After the birthday dinner, Joan and I had moved
onto the patio. She had picked up a taste for vodka martinis from me (I am an
evil man, as she was fond of reminding me), and so we ordered a couple – good
ones. Straight up. We picked out the brand. The first round came to about
thirty bucks apiece. It was insane – thirty dollar martinis? I mean, we were
both still “working” then, but, but – thirty
dollar martinis?
The waiter brought them. And they tasted like
they were worth every penny.
We took advantage of the booze as the booze took
advantage of us. We talked and talked and talked. We both got in about two lifetimes
worth of stories. All we needed was for a psychotherapist to be sitting at the
next table taking notes.
I can’t remember the details of what we said to
each other. One of the benefits to drinking and baring your soul is that
afterward you don’t remember which parts of your soul you bared, or which parts
of your friends’ souls were bared to you.

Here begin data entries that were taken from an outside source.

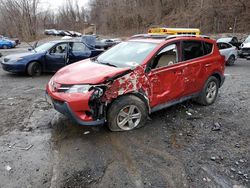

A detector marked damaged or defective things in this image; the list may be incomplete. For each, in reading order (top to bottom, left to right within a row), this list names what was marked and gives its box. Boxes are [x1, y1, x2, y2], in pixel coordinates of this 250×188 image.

crumpled hood [53, 59, 131, 84]
damaged red suv [46, 34, 226, 131] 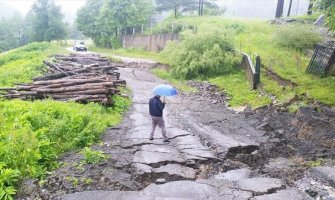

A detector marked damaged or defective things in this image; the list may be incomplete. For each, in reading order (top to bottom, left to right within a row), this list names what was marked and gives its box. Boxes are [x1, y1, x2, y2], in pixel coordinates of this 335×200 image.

damaged road [17, 56, 335, 200] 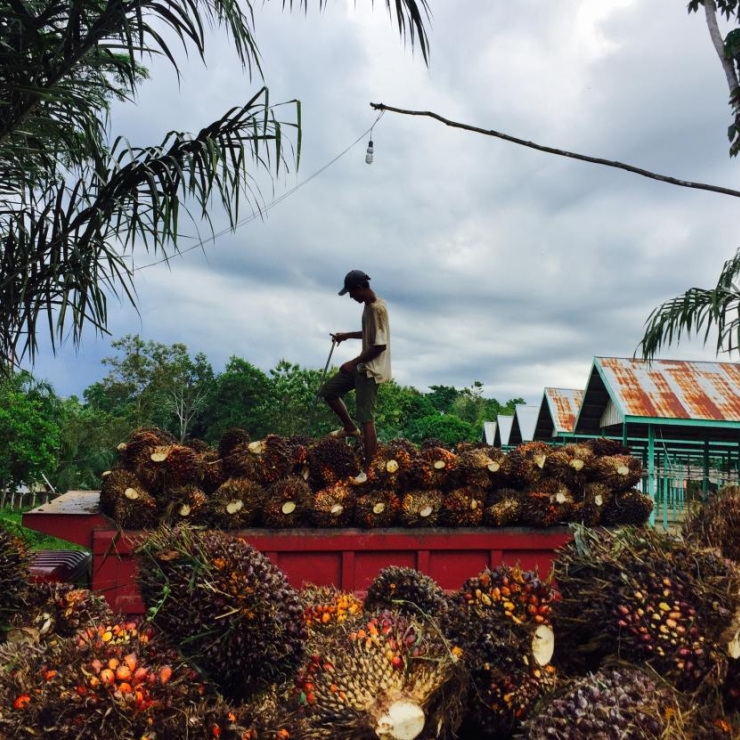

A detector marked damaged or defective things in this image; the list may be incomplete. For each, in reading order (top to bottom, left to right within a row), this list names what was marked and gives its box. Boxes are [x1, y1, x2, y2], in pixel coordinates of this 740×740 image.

rusty corrugated roof [544, 388, 584, 434]
rusty corrugated roof [596, 358, 740, 422] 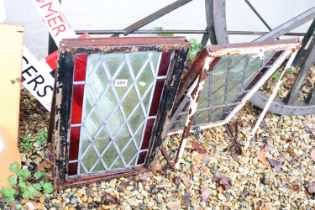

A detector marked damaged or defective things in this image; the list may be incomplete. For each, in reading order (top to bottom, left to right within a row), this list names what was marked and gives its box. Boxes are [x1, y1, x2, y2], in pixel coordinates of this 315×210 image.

You experience all the benefits of
catharsis with none of the burdens of memory.
I think we did make some discoveries. One thing
I discovered was that Joan was the person who designed the Screaming Yellow
Zonkers package.
Screaming Yellow Zonkers – look it up. It was a
candy-coated popcorn snack. It made design history by being one of the very
first food packages to have a black background. I know about this because my
dad had designed an orange juice container with a black background and the
clients rejected it on the grounds that consumers wouldn’t buy food in black
containers (they later relented). Joan’s foreground was filled with little
surreal Peter-Max-type characters. It was distinctive and direct. And even if
the product didn’t catch on, the name was referenced in the local monster-movie-extravaganza
Saturday night show, Screaming Yellow Theater, hosted by a guy (the late Jerry
G. Bishop) who called himself Svengoolie.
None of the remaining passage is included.